(Supplied data begins)

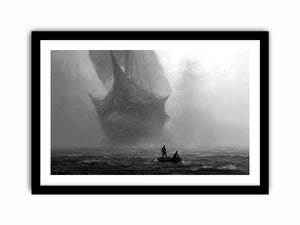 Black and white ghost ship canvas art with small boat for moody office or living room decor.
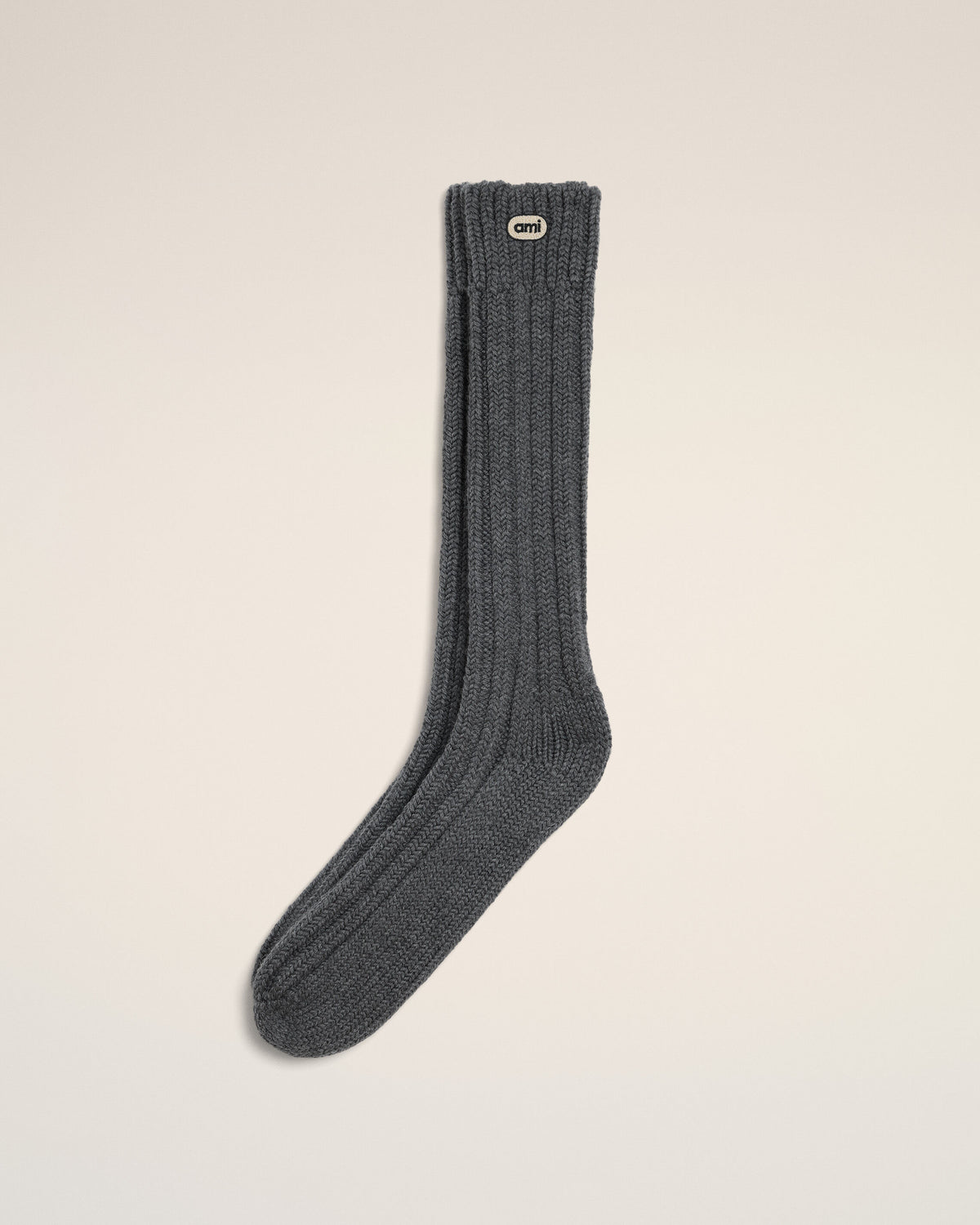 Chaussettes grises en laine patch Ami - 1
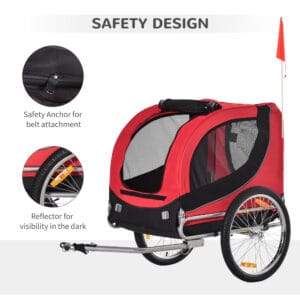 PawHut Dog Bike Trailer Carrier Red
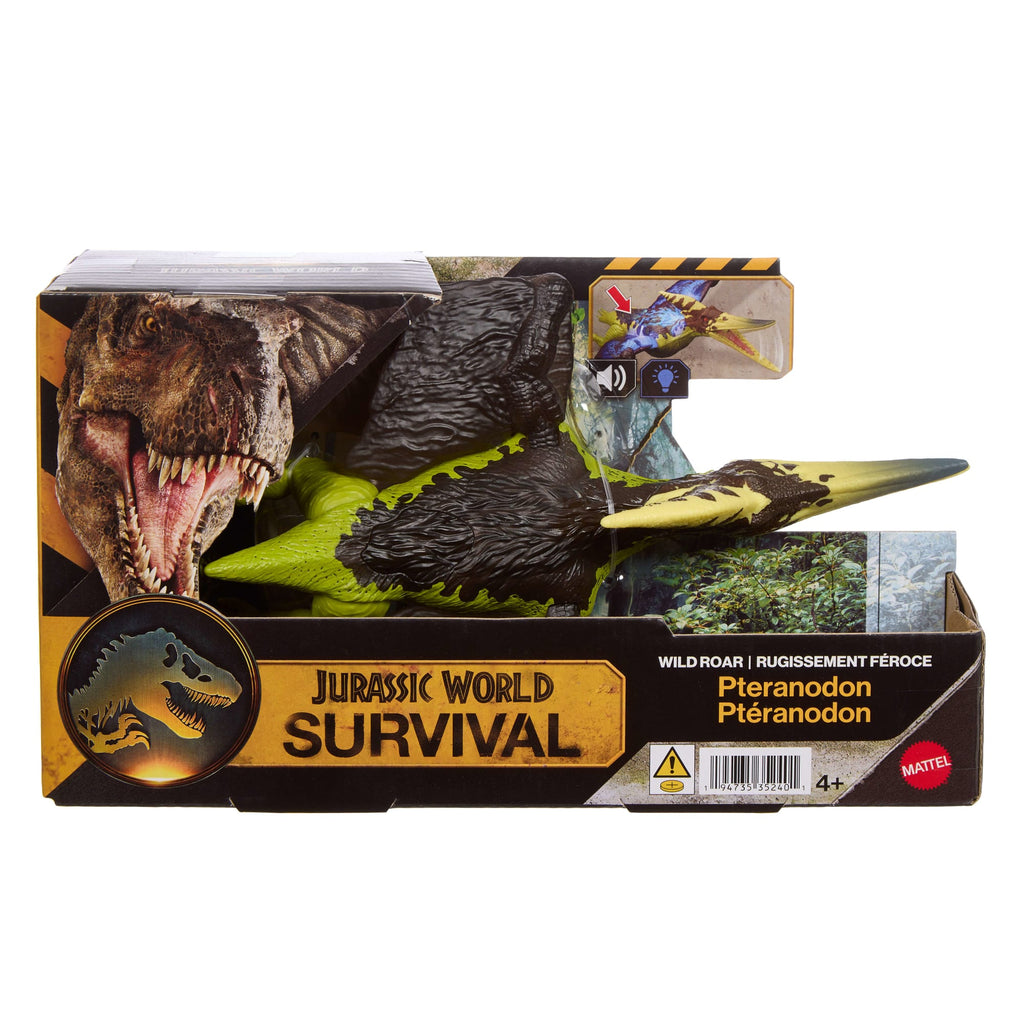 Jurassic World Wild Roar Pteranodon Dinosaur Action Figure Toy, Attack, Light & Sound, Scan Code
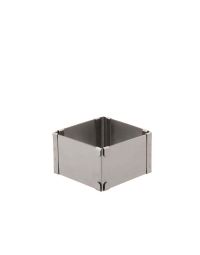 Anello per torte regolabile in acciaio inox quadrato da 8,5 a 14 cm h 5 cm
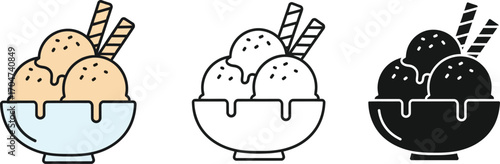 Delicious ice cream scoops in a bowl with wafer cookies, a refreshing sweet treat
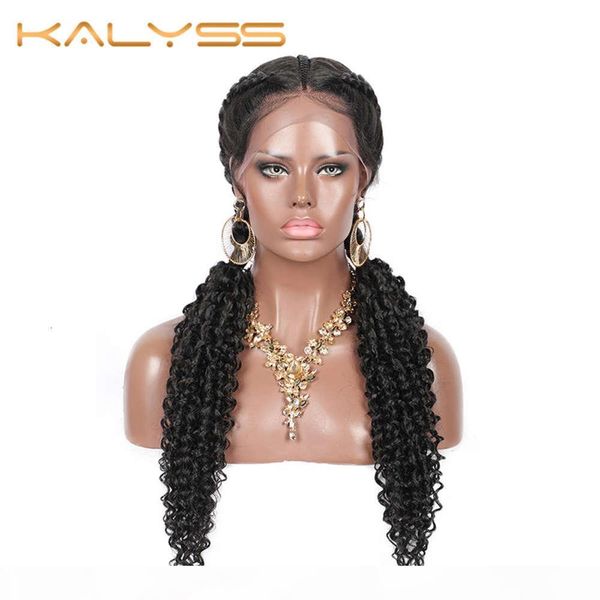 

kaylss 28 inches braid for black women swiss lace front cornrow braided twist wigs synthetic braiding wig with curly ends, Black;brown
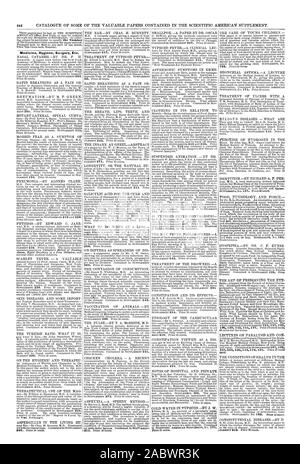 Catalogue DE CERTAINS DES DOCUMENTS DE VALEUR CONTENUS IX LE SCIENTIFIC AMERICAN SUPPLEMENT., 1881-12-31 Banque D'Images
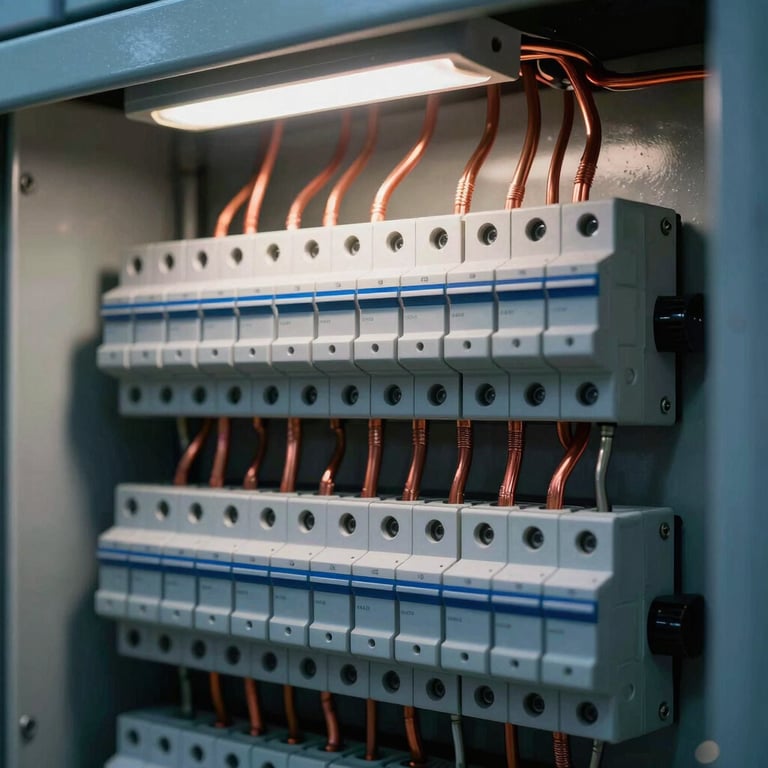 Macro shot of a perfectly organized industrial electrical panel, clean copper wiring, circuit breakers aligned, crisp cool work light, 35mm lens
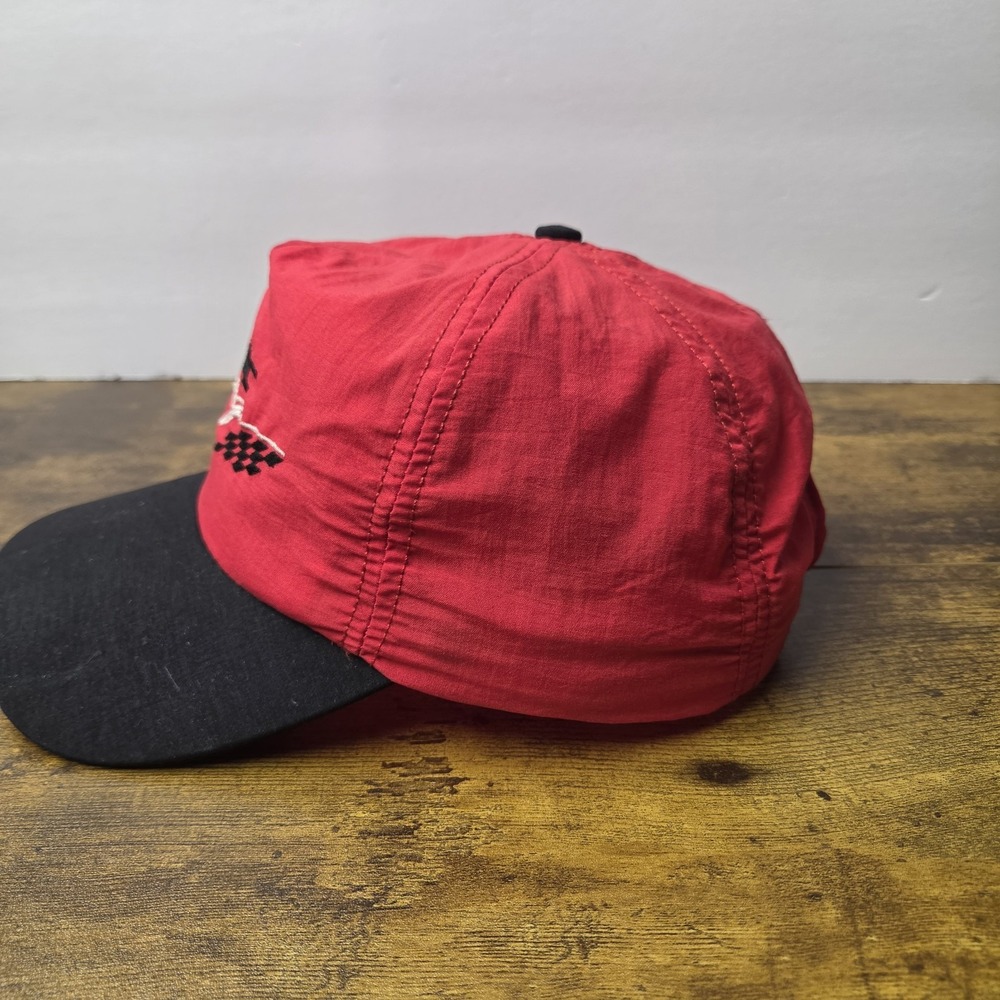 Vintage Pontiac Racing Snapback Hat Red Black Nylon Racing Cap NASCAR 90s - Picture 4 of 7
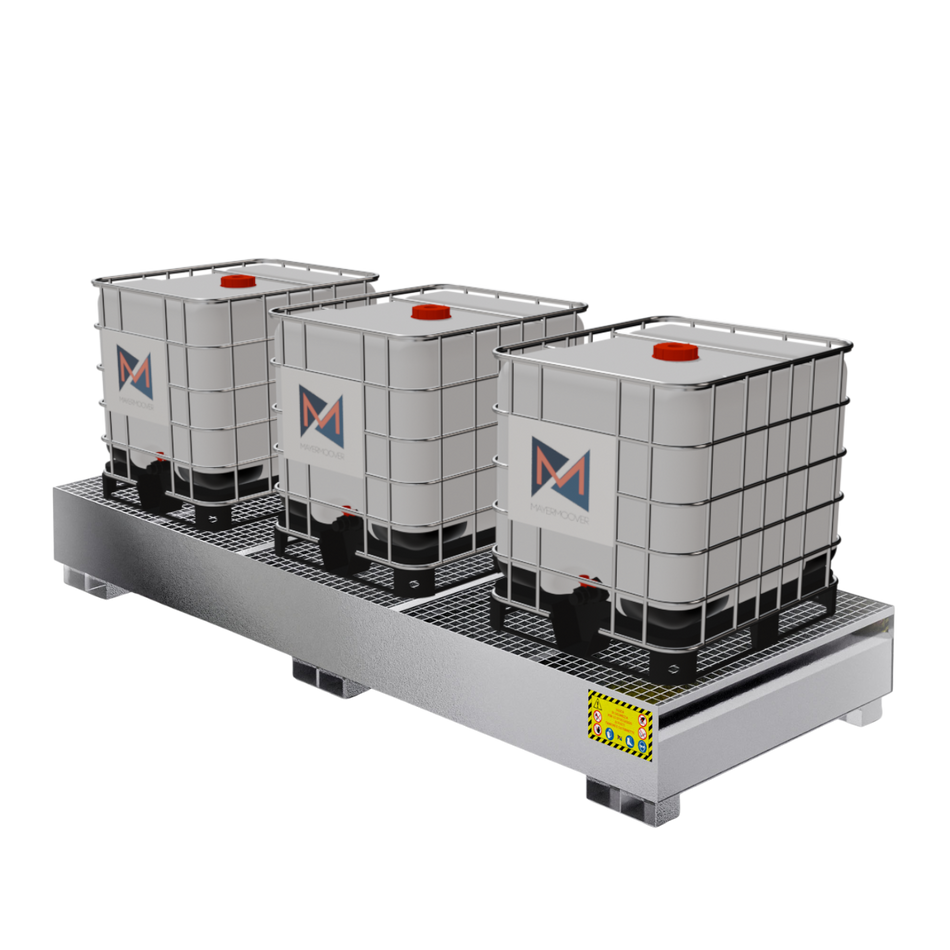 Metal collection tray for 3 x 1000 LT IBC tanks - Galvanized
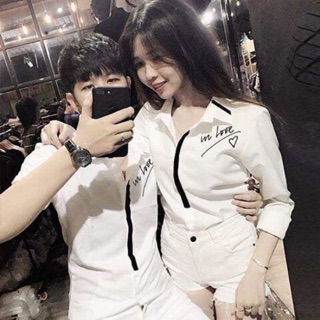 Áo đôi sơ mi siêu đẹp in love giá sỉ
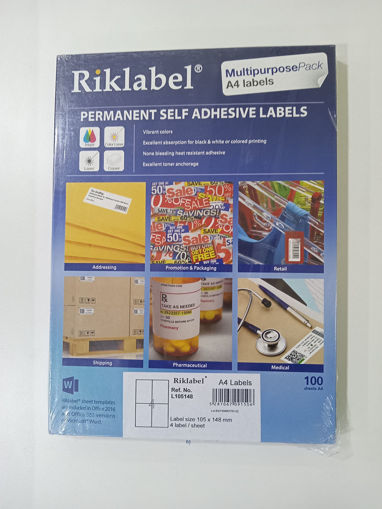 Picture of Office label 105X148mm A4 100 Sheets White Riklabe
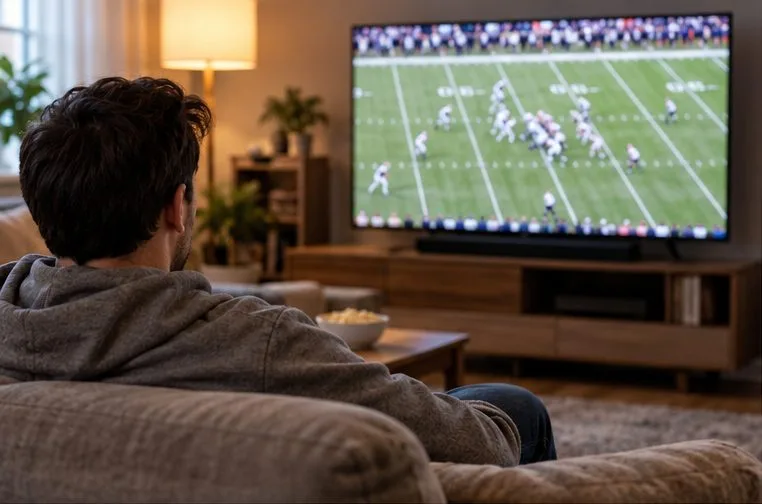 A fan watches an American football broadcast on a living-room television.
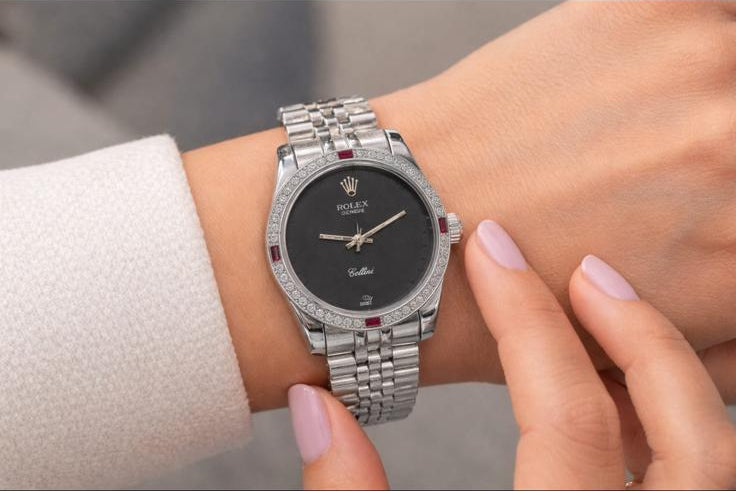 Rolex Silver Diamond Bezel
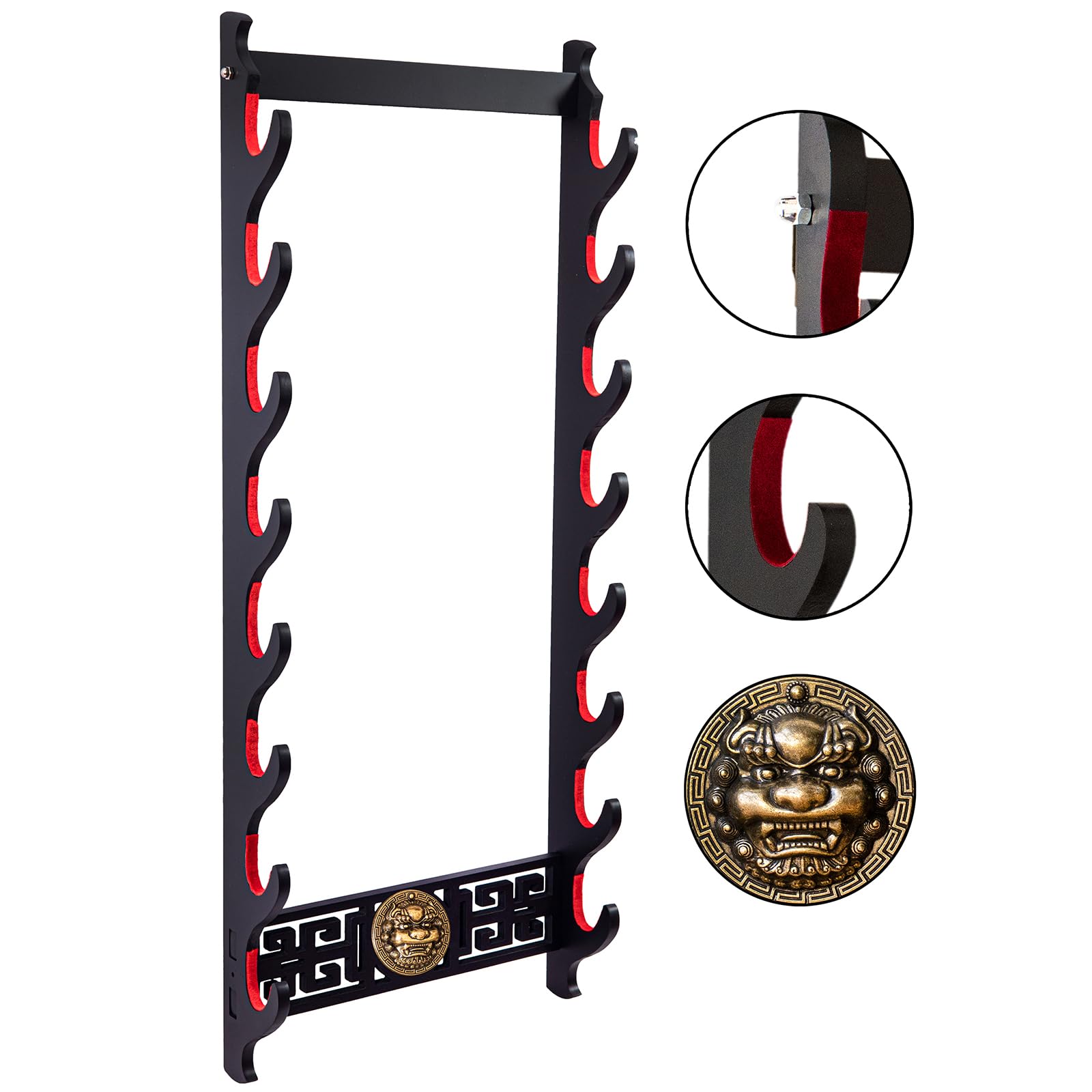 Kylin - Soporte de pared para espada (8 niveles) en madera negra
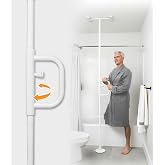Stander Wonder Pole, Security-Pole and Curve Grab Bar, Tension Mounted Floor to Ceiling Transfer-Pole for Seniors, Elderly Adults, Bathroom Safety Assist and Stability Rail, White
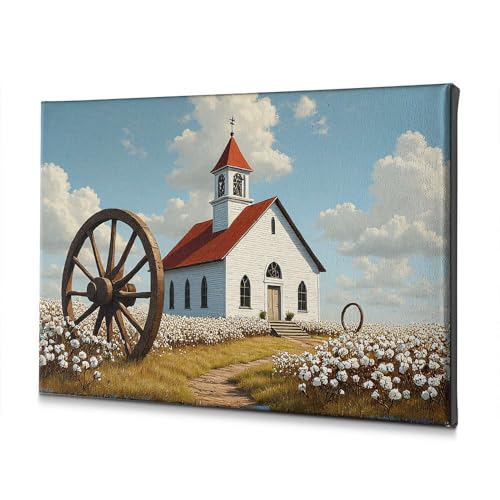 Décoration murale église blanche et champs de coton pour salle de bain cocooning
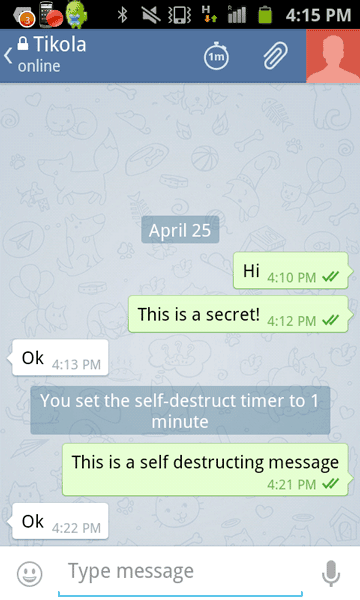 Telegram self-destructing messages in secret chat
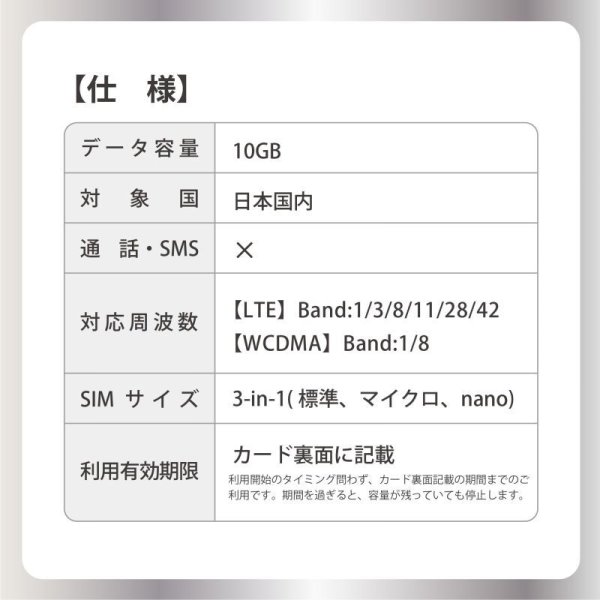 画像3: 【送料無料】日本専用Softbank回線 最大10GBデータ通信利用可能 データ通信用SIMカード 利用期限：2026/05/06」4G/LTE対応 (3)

(Supplied data ends)

## [What you should do]
Only the pictures are to be dropped; the rest of the material above must be duplicated exactly.

## [Exercise output]
 Black and white ghost ship canvas art with small boat for moody office or living room decor.
 Chaussettes grises en laine patch Ami - 1
 PawHut Dog Bike Trailer Carrier Red
 Jurassic World Wild Roar Pteranodon Dinosaur Action Figure Toy, Attack, Light & Sound, Scan Code
 Anello per torte regolabile in acciaio inox quadrato da 8,5 a 14 cm h 5 cm
 Delicious ice cream scoops in a bowl with wafer cookies, a refreshing sweet treat

kaylss 28 inches braid for black women swiss lace front cornrow braided twist wigs synthetic braiding wig with curly ends, Black;brown
 Catalogue DE CERTAINS DES DOCUMENTS DE VALEUR CONTENUS IX LE SCIENTIFIC AMERICAN SUPPLEMENT., 1881-12-31 Banque D'Images
 Macro shot of a perfectly organized industrial electrical panel, clean copper wiring, circuit breakers aligned, crisp cool work light, 35mm lens
 Vintage Pontiac Racing Snapback Hat Red Black Nylon Racing Cap NASCAR 90s - Picture 4 of 7
 Metal collection tray for 3 x 1000 LT IBC tanks - Galvanized
 Áo đôi sơ mi siêu đẹp in love giá sỉ
 Picture of Office label 105X148mm A4 100 Sheets White Riklabe
 A fan watches an American football broadcast on a living-room television.
 Rolex Silver Diamond Bezel
 Kylin - Soporte de pared para espada (8 niveles) en madera negra
Stander Wonder Pole, Security-Pole and Curve Grab Bar, Tension Mounted Floor to Ceiling Transfer-Pole for Seniors, Elderly Adults, Bathroom Safety Assist and Stability Rail, White
 Décoration murale église blanche et champs de coton pour salle de bain cocooning
 Telegram self-destructing messages in secret chat
 画像3: 【送料無料】日本専用Softbank回線 最大10GBデータ通信利用可能 データ通信用SIMカード 利用期限：2026/05/06」4G/LTE対応 (3)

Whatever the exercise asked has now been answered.